Смущенная девушка из скромности и по соображениям приличия вынуждена была прервать эту виртуальную камасутру. При этом ее прекрасное лицо несколько омрачила тень тягостных раздумий и душевных переживаний. Но вдруг Юлия покачала головой, как бы отрясая прочь все сомнения, и ее светлые волосы заструились по плечам золотистой волной. Куда только подевались давешние разноцветные макароны? Девушка приняла нелегкое для нее решение и тут же воплотила его в жизнь. Она велела Лидии и Оксане самостоятельно доставить пушистых малышей в кошачье-щенячий детский сад при своем кинологическо-котологическом приюте и, снабдив горничных тысячью наставлений, отправила их по указанному адресу. Глеб в это время внутренне ликовал! Хомо сапиенс в его лице стал мил Юлиному сердцу не меньше, чем ее любимые канис и котянис! Не меньше? А может, даже больше?!

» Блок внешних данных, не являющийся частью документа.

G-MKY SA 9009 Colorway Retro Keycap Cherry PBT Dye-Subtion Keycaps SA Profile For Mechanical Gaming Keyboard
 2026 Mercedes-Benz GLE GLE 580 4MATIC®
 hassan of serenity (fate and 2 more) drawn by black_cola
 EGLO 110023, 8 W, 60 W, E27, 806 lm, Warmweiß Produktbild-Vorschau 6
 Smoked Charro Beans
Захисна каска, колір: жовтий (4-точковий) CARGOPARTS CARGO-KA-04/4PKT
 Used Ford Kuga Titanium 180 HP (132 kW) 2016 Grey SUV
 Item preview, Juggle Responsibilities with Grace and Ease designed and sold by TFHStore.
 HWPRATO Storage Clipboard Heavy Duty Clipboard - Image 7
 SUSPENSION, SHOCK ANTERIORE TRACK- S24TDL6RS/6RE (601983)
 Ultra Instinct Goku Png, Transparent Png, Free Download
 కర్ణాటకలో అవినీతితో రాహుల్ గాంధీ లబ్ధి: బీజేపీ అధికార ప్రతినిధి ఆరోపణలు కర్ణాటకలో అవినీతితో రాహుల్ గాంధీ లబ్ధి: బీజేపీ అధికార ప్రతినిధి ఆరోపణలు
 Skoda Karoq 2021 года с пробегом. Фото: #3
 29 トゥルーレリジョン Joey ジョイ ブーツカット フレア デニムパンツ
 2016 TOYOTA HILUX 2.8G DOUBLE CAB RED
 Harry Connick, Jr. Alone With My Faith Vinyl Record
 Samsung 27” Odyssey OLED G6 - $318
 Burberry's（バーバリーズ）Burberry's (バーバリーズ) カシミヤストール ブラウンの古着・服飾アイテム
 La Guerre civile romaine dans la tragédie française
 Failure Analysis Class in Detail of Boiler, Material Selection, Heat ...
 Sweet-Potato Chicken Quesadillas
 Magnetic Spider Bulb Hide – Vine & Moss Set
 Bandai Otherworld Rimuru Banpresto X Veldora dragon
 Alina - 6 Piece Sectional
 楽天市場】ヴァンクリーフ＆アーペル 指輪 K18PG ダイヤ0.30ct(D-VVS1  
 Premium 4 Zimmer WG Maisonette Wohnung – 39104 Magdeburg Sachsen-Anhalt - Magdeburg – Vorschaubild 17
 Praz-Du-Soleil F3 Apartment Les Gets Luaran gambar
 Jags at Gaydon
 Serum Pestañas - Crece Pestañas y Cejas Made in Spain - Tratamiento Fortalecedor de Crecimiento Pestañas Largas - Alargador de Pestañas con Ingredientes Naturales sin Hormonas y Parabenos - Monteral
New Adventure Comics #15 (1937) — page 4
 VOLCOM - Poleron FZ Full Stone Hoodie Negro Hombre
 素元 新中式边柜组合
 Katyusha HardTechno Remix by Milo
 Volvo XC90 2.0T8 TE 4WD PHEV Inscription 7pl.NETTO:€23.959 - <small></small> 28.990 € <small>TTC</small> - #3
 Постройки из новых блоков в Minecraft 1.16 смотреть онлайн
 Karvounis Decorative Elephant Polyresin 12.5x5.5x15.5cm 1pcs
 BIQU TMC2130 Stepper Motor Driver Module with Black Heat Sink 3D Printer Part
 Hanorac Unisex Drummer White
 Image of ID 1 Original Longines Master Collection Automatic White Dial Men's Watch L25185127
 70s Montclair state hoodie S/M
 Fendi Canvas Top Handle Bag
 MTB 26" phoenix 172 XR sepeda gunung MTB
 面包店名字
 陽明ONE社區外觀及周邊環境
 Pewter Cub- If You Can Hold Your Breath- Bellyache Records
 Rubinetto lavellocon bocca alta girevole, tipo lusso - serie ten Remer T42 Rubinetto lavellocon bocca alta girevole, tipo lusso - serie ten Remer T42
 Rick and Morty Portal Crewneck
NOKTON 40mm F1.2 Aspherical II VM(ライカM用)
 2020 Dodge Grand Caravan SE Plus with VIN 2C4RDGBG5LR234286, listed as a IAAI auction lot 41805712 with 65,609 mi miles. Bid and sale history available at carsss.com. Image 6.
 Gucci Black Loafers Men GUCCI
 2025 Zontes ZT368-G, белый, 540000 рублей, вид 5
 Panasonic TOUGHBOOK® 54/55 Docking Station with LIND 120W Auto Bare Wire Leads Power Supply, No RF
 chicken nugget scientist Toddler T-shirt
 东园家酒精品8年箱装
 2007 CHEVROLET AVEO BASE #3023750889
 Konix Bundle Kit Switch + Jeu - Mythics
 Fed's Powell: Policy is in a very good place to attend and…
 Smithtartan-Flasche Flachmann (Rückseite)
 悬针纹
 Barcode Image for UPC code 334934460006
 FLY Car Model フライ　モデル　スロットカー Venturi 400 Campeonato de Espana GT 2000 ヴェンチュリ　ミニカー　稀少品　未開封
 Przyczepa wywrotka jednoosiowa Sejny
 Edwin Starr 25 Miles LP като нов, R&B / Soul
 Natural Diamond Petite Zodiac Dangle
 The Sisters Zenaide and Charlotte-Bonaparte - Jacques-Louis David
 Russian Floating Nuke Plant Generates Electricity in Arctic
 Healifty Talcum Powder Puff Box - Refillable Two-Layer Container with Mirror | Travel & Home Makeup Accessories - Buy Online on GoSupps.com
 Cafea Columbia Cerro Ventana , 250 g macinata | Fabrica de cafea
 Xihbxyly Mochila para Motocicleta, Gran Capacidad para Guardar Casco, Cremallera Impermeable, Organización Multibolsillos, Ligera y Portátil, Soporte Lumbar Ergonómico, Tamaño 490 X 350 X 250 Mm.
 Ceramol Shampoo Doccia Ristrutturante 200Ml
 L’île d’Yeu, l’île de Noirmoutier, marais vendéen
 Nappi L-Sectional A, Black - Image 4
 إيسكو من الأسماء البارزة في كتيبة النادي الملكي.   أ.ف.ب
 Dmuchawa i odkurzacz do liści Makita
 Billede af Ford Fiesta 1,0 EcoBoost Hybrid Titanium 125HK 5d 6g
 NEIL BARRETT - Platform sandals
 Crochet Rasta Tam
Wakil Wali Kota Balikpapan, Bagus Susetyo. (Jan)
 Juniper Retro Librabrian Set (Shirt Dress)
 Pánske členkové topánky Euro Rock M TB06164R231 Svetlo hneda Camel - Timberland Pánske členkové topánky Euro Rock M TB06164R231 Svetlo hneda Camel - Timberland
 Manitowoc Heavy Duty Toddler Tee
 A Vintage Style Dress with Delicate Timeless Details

«Ну что, Новиков, — мысленно пинал он бывшего боевого товарища, — ты в насмешку называл меня Рыцарем Собачьего Образа?! Мол, Юлия способна любить только собак, а ко мне она никогда не сможет испытывать нежных чувств? Да, сказать правду, больше, чем на умеренно-нежные чувства с ее стороны, я и сам не смел надеяться. А что получилось? Обстоятельства поставили Юлию перед выбором: котята-щенята или я? И она выбрала меня! Тут даже вопросы типа «А если это любовь?» неуместны. Потому что это и есть самая настоящая Любовь с большой буквы! А когда любовь взаимная — это людям счастье, счастье на века, как пел Академический хор Преображенского полка в историческом сослагательном наклонении».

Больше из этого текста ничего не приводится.